Packing the car when you have kids is a geology and jigsaw puzzling lesson

Is there any easy way to pack for a trip of more than a night or two with a kid, or even better, two kids? In my experience(s), the answer is a resounding NO! Whether it be just one child, as it was for three years, or two, as it’s been for two months, it’s like a jigsaw puzzle trying to get the car ready to roll.

Our car is a compact SUV with ample room for storage in the back and behind the driver and passenger seats. Honestly, there is practically no place in the car I won’t try to store or stash something for the road trip ahead. There are layers upon layers of items in the way back but there is an art, at least for me.

If you’re familiar with geology and metamorphic rocks, chances are you’re a good car packer. Why metamorphic? Simple, these rocks are constantly transformed by temperature and pressure from layers above it/them. Basically, everything on the bottom had better be stable otherwise your rectangular duffel bag (or mine in this case) will wind up looking like a rectangular pancake after a few hours on the road. Everything you pack is basically a metamorphic rock.

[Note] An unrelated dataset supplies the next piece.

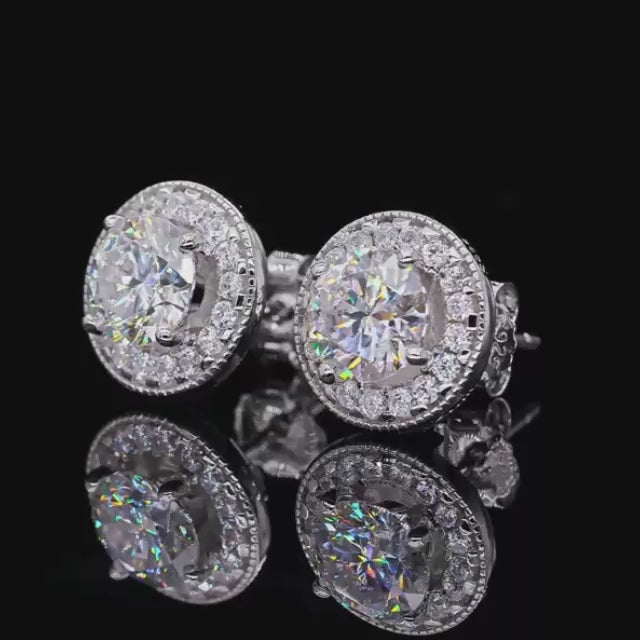 Brinco em prata 925 e moissanite 2.4ct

Here’s my artistic interpretation of how to pack a car:

pack a car

The bottom layer, or inner core for you geology junkies, ranges from a Pack ‘n Play to the bag of clothes I packed for myself (which usually gets flattened) to Nolan’s little cot to a box of diapers if we had to stop to get some, as we did on our most recent excursion. Most of the time, the majority of this layer will remain intact. Except for my bag, but who really cares, it’s got two pairs of shorts, a few pairs (maybe) of underwear, socks, t-shirts, maybe a pair of jeans, toothpaste (not necessarily a toothbrush), deodorant, a pair of sneakers, and maybe a polo and/or pair of jeans.

The second layer — the outer core — contains such items as the kids’ bags packed with all their tiny human clothes and a folded up stroller. This layer remains (most of the time) one of the few constants in packing a car.

On top of that we have the third layer, the mantle, and this is where you ideally want to put the things you may need should one (or both) kids start screaming and/or you need to stop at a rest area. Maybe a lunchbox for the kids. Oh, and the Wifester’s stuff, so it maintains it’s shape (not her request, rather my decision). Oh, and the breast pump + bag combo, we CANNOT forget that liquid gold-producing contraption. The beach bag also goes here but can be used in the lower crust since it’s towels that will easily change into the shape of anything you place on top not to mention adding a nice soft layer for fragile items.

Once you’ve loaded the car with the “necessities,” it’s time to throw in the (mostly) random crap you forgot to pack and are scrambling to get together since you’ve already strapped the kids in the car and convinced your wife that everything is packed and you did not forget anything. This is what’s known as the crust — or the “oh crap” — layer. Stray diapers, wipes, the kids beach pail, a pair of flip-flops for the beach, a backpack with things you might “need” but will never even take out of the car, water bottles, and snacks.

Anything you can’t fit in the trunk-area, just throw it behind your seat. Also, make sure a baggy of snacks is readily available up front, a stash that will be for bribery or for us to secretly snack on while the kid(s) stare out the window, cry, sing to themselves, and/or ask you 1,273 questions.

Oh, and if you’re going somewhere formal, the garment bag goes all the way on top, above even the crust, in the perfect spot to block your view out the rear view mirror. I’ll refer to it as the block layer.

Drive safe.

2 thoughts on “Packing the car when you have kids is a geology and jigsaw puzzling lesson

  1. Love this! We’re heading down to the Outer Banks in two weeks, so we’ll put this to the test then. …liquid gold producing contraption. Best description ever!